All three proved correct and Messi’s legion of fans did not get to celebrate as much as they anticipated despite Argentina having nine shots on goal to two for Canada.

They showed up in his No. 10 national team shirt and his Inter Miami and Barcelona jerseys. They wore Messi hats, scarves, and tattoos. They sang and danced, as they did the night before when they overtook Peachtree Street in downtown for an impromptu pep rally as Messi’s image looked down on them from a Michelob Ultra billboard.

Alexi Macias of Port St.

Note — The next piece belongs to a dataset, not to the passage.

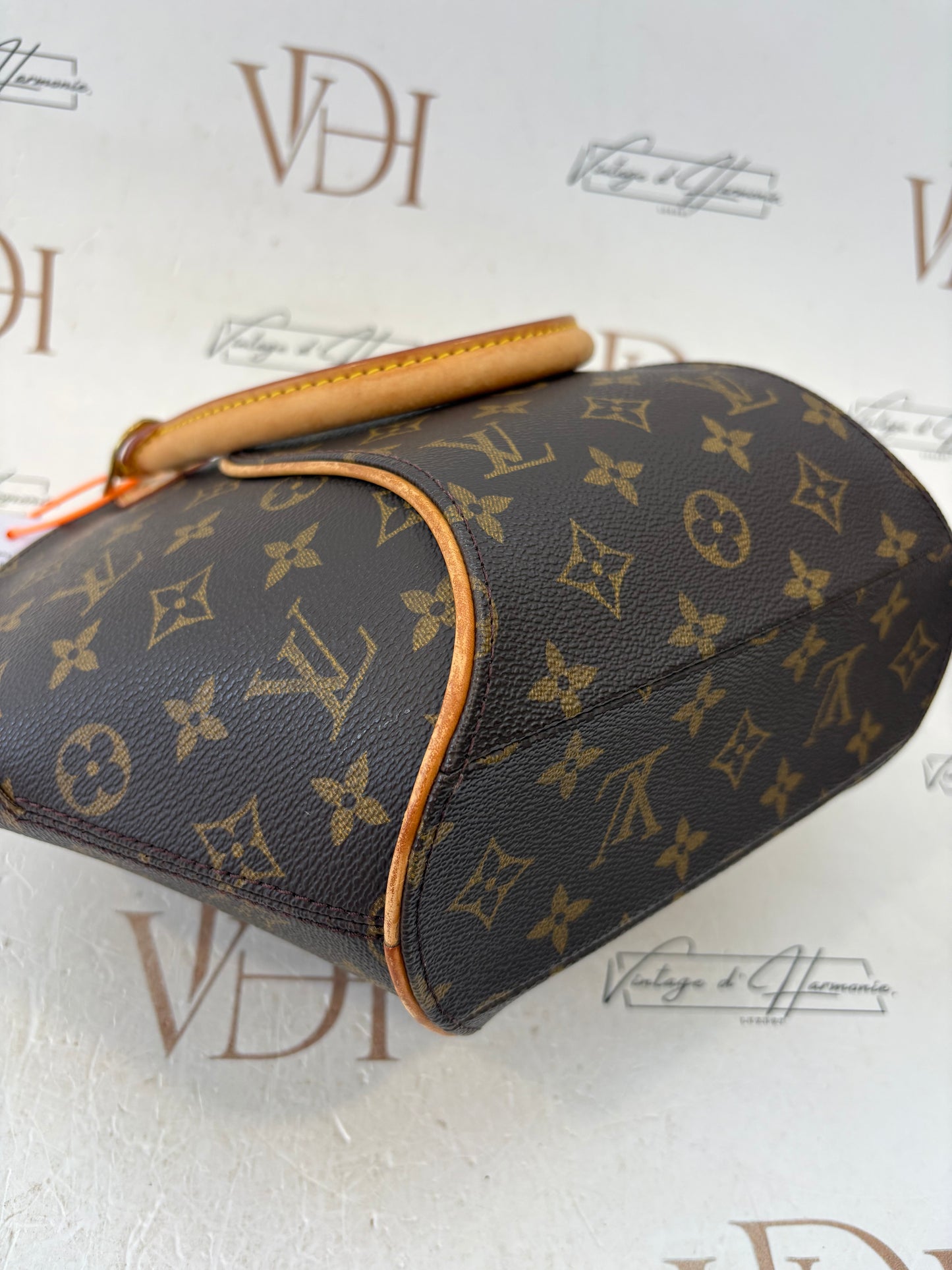017064 - Louis Vuitton Ellipse PM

Lucie, Florida, an Inter Miami season holder and diehard Argentina fan, wore a Lionel Messi hat, shirt, mask and tattoo on his left calf, and carried a Messi cell phone case to the Copa America opener vs. Canada at Mercedes-Benz Stadium in Atlanta on June 20, 2024.
Alexi Macias of Port St. Lucie, Florida, an Inter Miami season holder and diehard Argentina fan, wore a Lionel Messi hat, shirt, mask and tattoo on his left calf, and carried a Messi cell phone case to the Copa America opener vs. Canada at Mercedes-Benz Stadium in Atlanta on June 20, 2024.

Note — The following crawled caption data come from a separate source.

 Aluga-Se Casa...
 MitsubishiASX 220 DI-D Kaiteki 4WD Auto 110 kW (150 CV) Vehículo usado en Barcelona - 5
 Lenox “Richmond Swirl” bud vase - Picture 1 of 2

When a video of Messi walking into the stadium was displayed on the giant stadium screens, the place erupted in “Messi! Messi!” chants. And when the Argentina players ran onto the field for warmups, the roar was deafening. Canada’s team was greeted by jeers.

But it didn’t take long for the Canadians to quiet the crowd as they made life difficult for the heavily favored Argentines. Although Argentina possessed the ball 66 percent of the first half, there were no goals to show for it. Canada could have taken a lead just before halftime, but Stephen Eustaquio’s header was saved by Argentine goalkeeper Emi Martinez.

“We had a good performance, made it very difficult for Argentina, and could have had the lead,” Marsch said. “We learned we can play with these teams. We let this game slip away from us when we had certain things in control.”

There was no question Messi, the team captain, would be in the starting lineup, which he was. Argentina’s biggest questions, considering its loaded roster, were who would start in midfield and at the No. 9.

Coach Lionel Scaloni went with Leandro Paredes of Roma over Gio Lo Celso of Tottenham Hotspur and Julian Alvarez of Manchester City over Lautaro Martinez of Inter Milan.

Argentina’s starting XI were: Emiliano Martinez, Marcos Acuna, Cristian Romero, LisandroMartinez, Nahuel Molina, Paredes, Rodrigo De Paul, Alexis Mac Allister, Angel Di Maria, Messi, and Alvarez

Canada’s starting lineup had no surprises: Maxime Crepeau, Alphonso Davies, Derek Cornelius, Moise Bombito, Allistair Johnston, Liam Millar, Stephen Eustaquio, Ismael Kone, Tajon Buchanan, Cyle Larin, and Jonathan David.

Argentina has played in three of the past four Copa America finals, losing to Chile in 2015 and 2016 in penalty kicks, and finishing third place in 2019, before beating Brazil in 2021 for the title. A year later, they added the World Cup trophy to their collection.

Argentina’s next game is June 25 against Chile at Met Life Stadium in East Rutherford, New Jersey, and then they play Peru June 29 at Hard Rock Stadium in Miami Gardens.